WHAT IS EXPECTED → Print the listing in full, exactly as it stands.

Segment Open

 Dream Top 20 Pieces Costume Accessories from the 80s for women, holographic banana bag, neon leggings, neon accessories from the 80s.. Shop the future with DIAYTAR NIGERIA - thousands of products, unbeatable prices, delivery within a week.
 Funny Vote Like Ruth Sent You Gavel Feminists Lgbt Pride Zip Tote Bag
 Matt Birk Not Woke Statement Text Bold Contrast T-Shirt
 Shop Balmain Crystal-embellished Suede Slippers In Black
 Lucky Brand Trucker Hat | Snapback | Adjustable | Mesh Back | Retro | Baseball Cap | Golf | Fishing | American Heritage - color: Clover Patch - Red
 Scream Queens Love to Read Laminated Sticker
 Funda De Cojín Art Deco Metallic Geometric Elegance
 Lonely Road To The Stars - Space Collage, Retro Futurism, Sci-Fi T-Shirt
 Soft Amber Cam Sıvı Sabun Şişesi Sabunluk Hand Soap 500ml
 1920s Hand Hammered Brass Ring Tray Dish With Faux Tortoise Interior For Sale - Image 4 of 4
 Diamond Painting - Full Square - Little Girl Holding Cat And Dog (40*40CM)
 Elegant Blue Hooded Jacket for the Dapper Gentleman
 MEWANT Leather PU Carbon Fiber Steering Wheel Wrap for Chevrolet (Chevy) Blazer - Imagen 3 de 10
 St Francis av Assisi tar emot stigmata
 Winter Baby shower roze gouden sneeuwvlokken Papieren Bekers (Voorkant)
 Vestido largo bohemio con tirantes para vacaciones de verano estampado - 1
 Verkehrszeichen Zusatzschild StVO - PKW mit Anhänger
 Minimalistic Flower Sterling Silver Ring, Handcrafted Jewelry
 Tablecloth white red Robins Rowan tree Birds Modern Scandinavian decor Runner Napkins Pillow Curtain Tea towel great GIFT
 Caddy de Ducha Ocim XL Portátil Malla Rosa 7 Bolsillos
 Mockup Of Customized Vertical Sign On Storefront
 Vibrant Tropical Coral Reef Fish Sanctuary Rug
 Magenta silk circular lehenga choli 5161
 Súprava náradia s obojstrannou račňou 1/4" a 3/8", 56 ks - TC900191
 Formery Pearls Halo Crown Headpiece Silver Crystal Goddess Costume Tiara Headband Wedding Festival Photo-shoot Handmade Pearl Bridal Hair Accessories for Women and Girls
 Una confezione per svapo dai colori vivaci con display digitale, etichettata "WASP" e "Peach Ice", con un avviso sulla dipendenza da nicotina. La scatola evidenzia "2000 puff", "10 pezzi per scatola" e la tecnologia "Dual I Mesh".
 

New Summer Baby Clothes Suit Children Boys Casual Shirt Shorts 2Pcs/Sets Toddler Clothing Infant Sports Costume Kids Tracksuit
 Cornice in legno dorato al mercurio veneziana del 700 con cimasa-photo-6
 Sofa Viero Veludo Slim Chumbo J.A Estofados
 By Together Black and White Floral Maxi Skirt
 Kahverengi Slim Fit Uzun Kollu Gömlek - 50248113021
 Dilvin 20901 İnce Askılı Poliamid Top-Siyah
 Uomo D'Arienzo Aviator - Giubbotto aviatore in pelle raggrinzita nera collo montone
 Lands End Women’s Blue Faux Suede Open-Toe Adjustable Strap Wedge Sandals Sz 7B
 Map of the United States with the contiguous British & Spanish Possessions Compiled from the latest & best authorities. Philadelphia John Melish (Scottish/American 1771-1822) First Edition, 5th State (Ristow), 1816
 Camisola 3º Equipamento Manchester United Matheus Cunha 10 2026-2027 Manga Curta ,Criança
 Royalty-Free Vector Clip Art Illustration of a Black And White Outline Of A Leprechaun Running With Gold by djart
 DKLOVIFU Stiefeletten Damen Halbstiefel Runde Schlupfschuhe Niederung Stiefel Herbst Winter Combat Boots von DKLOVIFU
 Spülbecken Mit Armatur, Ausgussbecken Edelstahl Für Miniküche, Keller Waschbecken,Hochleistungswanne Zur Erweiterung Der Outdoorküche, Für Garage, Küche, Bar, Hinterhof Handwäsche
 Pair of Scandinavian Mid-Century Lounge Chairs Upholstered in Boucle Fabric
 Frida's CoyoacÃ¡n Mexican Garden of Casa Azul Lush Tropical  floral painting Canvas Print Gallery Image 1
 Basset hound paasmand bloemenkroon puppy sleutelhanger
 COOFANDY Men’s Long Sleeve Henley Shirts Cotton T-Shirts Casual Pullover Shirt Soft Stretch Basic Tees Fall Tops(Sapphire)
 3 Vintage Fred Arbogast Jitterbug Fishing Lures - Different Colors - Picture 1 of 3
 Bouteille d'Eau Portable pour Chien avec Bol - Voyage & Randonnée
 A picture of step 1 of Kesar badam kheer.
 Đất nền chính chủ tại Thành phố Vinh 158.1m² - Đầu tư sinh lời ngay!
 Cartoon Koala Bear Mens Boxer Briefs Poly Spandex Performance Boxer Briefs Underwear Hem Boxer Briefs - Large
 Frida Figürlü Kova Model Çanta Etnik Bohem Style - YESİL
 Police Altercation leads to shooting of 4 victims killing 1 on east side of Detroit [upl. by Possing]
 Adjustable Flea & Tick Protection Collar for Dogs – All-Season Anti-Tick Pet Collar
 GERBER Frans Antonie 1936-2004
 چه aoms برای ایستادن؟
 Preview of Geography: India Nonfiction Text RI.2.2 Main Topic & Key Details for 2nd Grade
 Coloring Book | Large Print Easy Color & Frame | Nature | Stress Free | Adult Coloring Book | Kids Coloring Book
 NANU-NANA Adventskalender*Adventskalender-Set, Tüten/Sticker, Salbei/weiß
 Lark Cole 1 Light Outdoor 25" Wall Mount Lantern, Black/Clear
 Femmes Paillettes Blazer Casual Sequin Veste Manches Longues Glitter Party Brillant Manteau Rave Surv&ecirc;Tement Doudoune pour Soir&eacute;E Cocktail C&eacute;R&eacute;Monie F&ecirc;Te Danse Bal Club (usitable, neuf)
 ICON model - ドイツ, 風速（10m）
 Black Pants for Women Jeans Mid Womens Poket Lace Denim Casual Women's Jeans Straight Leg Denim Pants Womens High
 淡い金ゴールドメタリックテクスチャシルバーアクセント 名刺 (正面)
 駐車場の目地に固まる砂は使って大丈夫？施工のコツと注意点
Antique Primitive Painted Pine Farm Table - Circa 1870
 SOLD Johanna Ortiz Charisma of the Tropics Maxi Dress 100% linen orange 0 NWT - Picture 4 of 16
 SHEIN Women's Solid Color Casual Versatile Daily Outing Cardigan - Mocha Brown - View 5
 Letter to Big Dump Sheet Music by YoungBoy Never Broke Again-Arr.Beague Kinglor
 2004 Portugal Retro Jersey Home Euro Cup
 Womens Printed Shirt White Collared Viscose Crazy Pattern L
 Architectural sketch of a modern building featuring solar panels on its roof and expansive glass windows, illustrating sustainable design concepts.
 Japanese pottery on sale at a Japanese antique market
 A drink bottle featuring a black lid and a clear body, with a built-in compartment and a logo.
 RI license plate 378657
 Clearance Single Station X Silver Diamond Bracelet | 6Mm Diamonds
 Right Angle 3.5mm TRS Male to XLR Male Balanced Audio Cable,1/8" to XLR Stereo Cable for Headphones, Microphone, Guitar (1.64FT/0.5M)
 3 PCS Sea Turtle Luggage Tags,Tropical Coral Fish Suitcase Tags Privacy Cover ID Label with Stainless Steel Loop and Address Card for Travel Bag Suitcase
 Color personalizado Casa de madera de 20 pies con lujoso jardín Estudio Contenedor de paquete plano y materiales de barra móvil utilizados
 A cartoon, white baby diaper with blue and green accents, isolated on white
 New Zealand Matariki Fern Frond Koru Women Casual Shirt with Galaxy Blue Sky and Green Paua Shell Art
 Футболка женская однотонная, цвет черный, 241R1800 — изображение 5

Segment Closed

TASK OUTPUT →
 Dream Top 20 Pieces Costume Accessories from the 80s for women, holographic banana bag, neon leggings, neon accessories from the 80s.. Shop the future with DIAYTAR NIGERIA - thousands of products, unbeatable prices, delivery within a week.
 Funny Vote Like Ruth Sent You Gavel Feminists Lgbt Pride Zip Tote Bag
 Matt Birk Not Woke Statement Text Bold Contrast T-Shirt
 Shop Balmain Crystal-embellished Suede Slippers In Black
 Lucky Brand Trucker Hat | Snapback | Adjustable | Mesh Back | Retro | Baseball Cap | Golf | Fishing | American Heritage - color: Clover Patch - Red
 Scream Queens Love to Read Laminated Sticker
 Funda De Cojín Art Deco Metallic Geometric Elegance
 Lonely Road To The Stars - Space Collage, Retro Futurism, Sci-Fi T-Shirt
 Soft Amber Cam Sıvı Sabun Şişesi Sabunluk Hand Soap 500ml
 1920s Hand Hammered Brass Ring Tray Dish With Faux Tortoise Interior For Sale - Image 4 of 4
 Diamond Painting - Full Square - Little Girl Holding Cat And Dog (40*40CM)
 Elegant Blue Hooded Jacket for the Dapper Gentleman
 MEWANT Leather PU Carbon Fiber Steering Wheel Wrap for Chevrolet (Chevy) Blazer - Imagen 3 de 10
 St Francis av Assisi tar emot stigmata
 Winter Baby shower roze gouden sneeuwvlokken Papieren Bekers (Voorkant)
 Vestido largo bohemio con tirantes para vacaciones de verano estampado - 1
 Verkehrszeichen Zusatzschild StVO - PKW mit Anhänger
 Minimalistic Flower Sterling Silver Ring, Handcrafted Jewelry
 Tablecloth white red Robins Rowan tree Birds Modern Scandinavian decor Runner Napkins Pillow Curtain Tea towel great GIFT
 Caddy de Ducha Ocim XL Portátil Malla Rosa 7 Bolsillos
 Mockup Of Customized Vertical Sign On Storefront
 Vibrant Tropical Coral Reef Fish Sanctuary Rug
 Magenta silk circular lehenga choli 5161
 Súprava náradia s obojstrannou račňou 1/4" a 3/8", 56 ks - TC900191
 Formery Pearls Halo Crown Headpiece Silver Crystal Goddess Costume Tiara Headband Wedding Festival Photo-shoot Handmade Pearl Bridal Hair Accessories for Women and Girls
 Una confezione per svapo dai colori vivaci con display digitale, etichettata "WASP" e "Peach Ice", con un avviso sulla dipendenza da nicotina. La scatola evidenzia "2000 puff", "10 pezzi per scatola" e la tecnologia "Dual I Mesh".
 

New Summer Baby Clothes Suit Children Boys Casual Shirt Shorts 2Pcs/Sets Toddler Clothing Infant Sports Costume Kids Tracksuit
 Cornice in legno dorato al mercurio veneziana del 700 con cimasa-photo-6
 Sofa Viero Veludo Slim Chumbo J.A Estofados
 By Together Black and White Floral Maxi Skirt
 Kahverengi Slim Fit Uzun Kollu Gömlek - 50248113021
 Dilvin 20901 İnce Askılı Poliamid Top-Siyah
 Uomo D'Arienzo Aviator - Giubbotto aviatore in pelle raggrinzita nera collo montone
 Lands End Women’s Blue Faux Suede Open-Toe Adjustable Strap Wedge Sandals Sz 7B
 Map of the United States with the contiguous British & Spanish Possessions Compiled from the latest & best authorities. Philadelphia John Melish (Scottish/American 1771-1822) First Edition, 5th State (Ristow), 1816
 Camisola 3º Equipamento Manchester United Matheus Cunha 10 2026-2027 Manga Curta ,Criança
 Royalty-Free Vector Clip Art Illustration of a Black And White Outline Of A Leprechaun Running With Gold by djart
 DKLOVIFU Stiefeletten Damen Halbstiefel Runde Schlupfschuhe Niederung Stiefel Herbst Winter Combat Boots von DKLOVIFU
 Spülbecken Mit Armatur, Ausgussbecken Edelstahl Für Miniküche, Keller Waschbecken,Hochleistungswanne Zur Erweiterung Der Outdoorküche, Für Garage, Küche, Bar, Hinterhof Handwäsche
 Pair of Scandinavian Mid-Century Lounge Chairs Upholstered in Boucle Fabric
 Frida's CoyoacÃ¡n Mexican Garden of Casa Azul Lush Tropical  floral painting Canvas Print Gallery Image 1
 Basset hound paasmand bloemenkroon puppy sleutelhanger
 COOFANDY Men’s Long Sleeve Henley Shirts Cotton T-Shirts Casual Pullover Shirt Soft Stretch Basic Tees Fall Tops(Sapphire)
 3 Vintage Fred Arbogast Jitterbug Fishing Lures - Different Colors - Picture 1 of 3
 Bouteille d'Eau Portable pour Chien avec Bol - Voyage & Randonnée
 A picture of step 1 of Kesar badam kheer.
 Đất nền chính chủ tại Thành phố Vinh 158.1m² - Đầu tư sinh lời ngay!
 Cartoon Koala Bear Mens Boxer Briefs Poly Spandex Performance Boxer Briefs Underwear Hem Boxer Briefs - Large
 Frida Figürlü Kova Model Çanta Etnik Bohem Style - YESİL
 Police Altercation leads to shooting of 4 victims killing 1 on east side of Detroit [upl. by Possing]
 Adjustable Flea & Tick Protection Collar for Dogs – All-Season Anti-Tick Pet Collar
 GERBER Frans Antonie 1936-2004
 چه aoms برای ایستادن؟
 Preview of Geography: India Nonfiction Text RI.2.2 Main Topic & Key Details for 2nd Grade
 Coloring Book | Large Print Easy Color & Frame | Nature | Stress Free | Adult Coloring Book | Kids Coloring Book
 NANU-NANA Adventskalender*Adventskalender-Set, Tüten/Sticker, Salbei/weiß
 Lark Cole 1 Light Outdoor 25" Wall Mount Lantern, Black/Clear
 Femmes Paillettes Blazer Casual Sequin Veste Manches Longues Glitter Party Brillant Manteau Rave Surv&ecirc;Tement Doudoune pour Soir&eacute;E Cocktail C&eacute;R&eacute;Monie F&ecirc;Te Danse Bal Club (usitable, neuf)
 ICON model - ドイツ, 風速（10m）
 Black Pants for Women Jeans Mid Womens Poket Lace Denim Casual Women's Jeans Straight Leg Denim Pants Womens High
 淡い金ゴールドメタリックテクスチャシルバーアクセント 名刺 (正面)
 駐車場の目地に固まる砂は使って大丈夫？施工のコツと注意点
Antique Primitive Painted Pine Farm Table - Circa 1870
 SOLD Johanna Ortiz Charisma of the Tropics Maxi Dress 100% linen orange 0 NWT - Picture 4 of 16
 SHEIN Women's Solid Color Casual Versatile Daily Outing Cardigan - Mocha Brown - View 5
 Letter to Big Dump Sheet Music by YoungBoy Never Broke Again-Arr.Beague Kinglor
 2004 Portugal Retro Jersey Home Euro Cup
 Womens Printed Shirt White Collared Viscose Crazy Pattern L
 Architectural sketch of a modern building featuring solar panels on its roof and expansive glass windows, illustrating sustainable design concepts.
 Japanese pottery on sale at a Japanese antique market
 A drink bottle featuring a black lid and a clear body, with a built-in compartment and a logo.
 RI license plate 378657
 Clearance Single Station X Silver Diamond Bracelet | 6Mm Diamonds
 Right Angle 3.5mm TRS Male to XLR Male Balanced Audio Cable,1/8" to XLR Stereo Cable for Headphones, Microphone, Guitar (1.64FT/0.5M)
 3 PCS Sea Turtle Luggage Tags,Tropical Coral Fish Suitcase Tags Privacy Cover ID Label with Stainless Steel Loop and Address Card for Travel Bag Suitcase
 Color personalizado Casa de madera de 20 pies con lujoso jardín Estudio Contenedor de paquete plano y materiales de barra móvil utilizados
 A cartoon, white baby diaper with blue and green accents, isolated on white
 New Zealand Matariki Fern Frond Koru Women Casual Shirt with Galaxy Blue Sky and Green Paua Shell Art
 Футболка женская однотонная, цвет черный, 241R1800 — изображение 5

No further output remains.